Depois, sem essa de carro. Vamos todos de busão, de metrô, de bike, mesmo quem pode comprar um BMW. Sim, vamos. Até pegarmos um dia chuva e calor, como os do verão paulistano. O buzum lotado, todas as janelas fechadas, o tráfego parado, a temperatura nas alturas, a galera suando a cântaros.
Como é que você vai se apresentar pro seu chefe desse jeito? E o cliente, o que vai achar das marcas de suor no entorno do seu sovaco? E como levar a mala com as roupas pra academia depois do expediente? Tá, você promete que vai colocar um bom catalisador no escapamento do seu carro. Até chegar a hora de trocá-lo, dali uns cinco anos. Vai pesar no bolso, tem as despesas extras das crianças, aquela comprinha em que você gastou demais, a viagem tão planejada. Como é que fica?
Então. Vamos supor que você vai se esforçar muito e sacrificar suas preferências gastronômicas em nome do bem-estar da natureza. Beleza, você resolve parar de comer carne. E o substituto mais eficiente de proteínas é a soja, claro, a preferida dos naturebas. Então você troca a picanha pela carne de soja, o leite da mimosa pelo leite de soja. Louvável. Mas a soja é a maior responsável pela expansão descontrolada da fronteira agrícola no Mato Grosso e outros estados da Amazônia Legal. Pra plantar, tem que desmatar. E o desmatamento, você sabe muito bem, também está entre os maiores promotores do efeito estufa, é inclusive a maior contribuição que o Brasil dá para o aquecimento global.
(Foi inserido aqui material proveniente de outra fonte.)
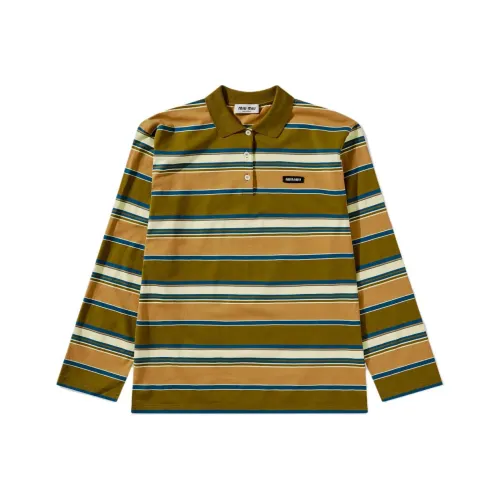 MIU MIU Striped Cotton Polo Shirt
O resultado de tudo isso, já sabemos. Algumas empresas vão lançar cada vez mais campanhas publicitárias dizendo que defendem o meio ambiente, que usam papel reciclado e contribuem com o Greenpeace. Talvez até coloquem em seus comerciais de TV algumas imagens dos militantes verdes se lançando contra baleeiros japoneses no Pacífico.
Depois você vai perceber que às vezes as corporações gastam mais na propaganda das bem-feitorias do que nas bem-feitorias propriamente ditas. Ganham, assim, mais clientes, aqueles preocupados com a natureza, enquanto emprestam dinheiro pras indústrias que inevitavelmente vão poluir a atmosfera.
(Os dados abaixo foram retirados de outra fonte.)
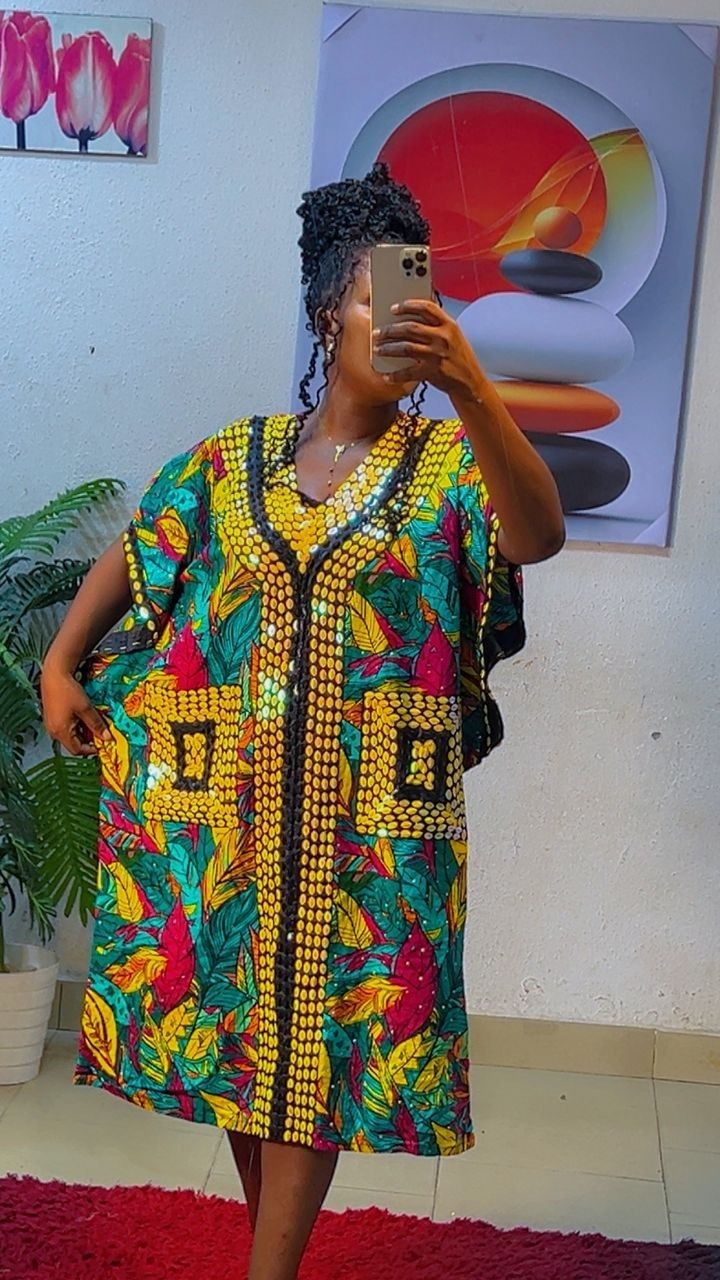 Ankara two piece set and Dresses for women, Africa Boubou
Proteção ambiental vai também virar plataforma de políticos que, nas próximas eleições, não pensarão duas vezes em despolitizar a questão para ganhar votos.
As emissões, claro, serão reduzidas, mas só até onde o sistema aceitar, só até onde nossas mordomias permitirem. É insuficiente, claro. A batata-quente – e cada vez mais quente – está com os incluídos, os que movimentam a máquina, os que gastam, que consomem, que poluem. Eles vão abdicar do carro, do churrasco, do ar-condicionado, da piscina? Eu vou? E você, vai?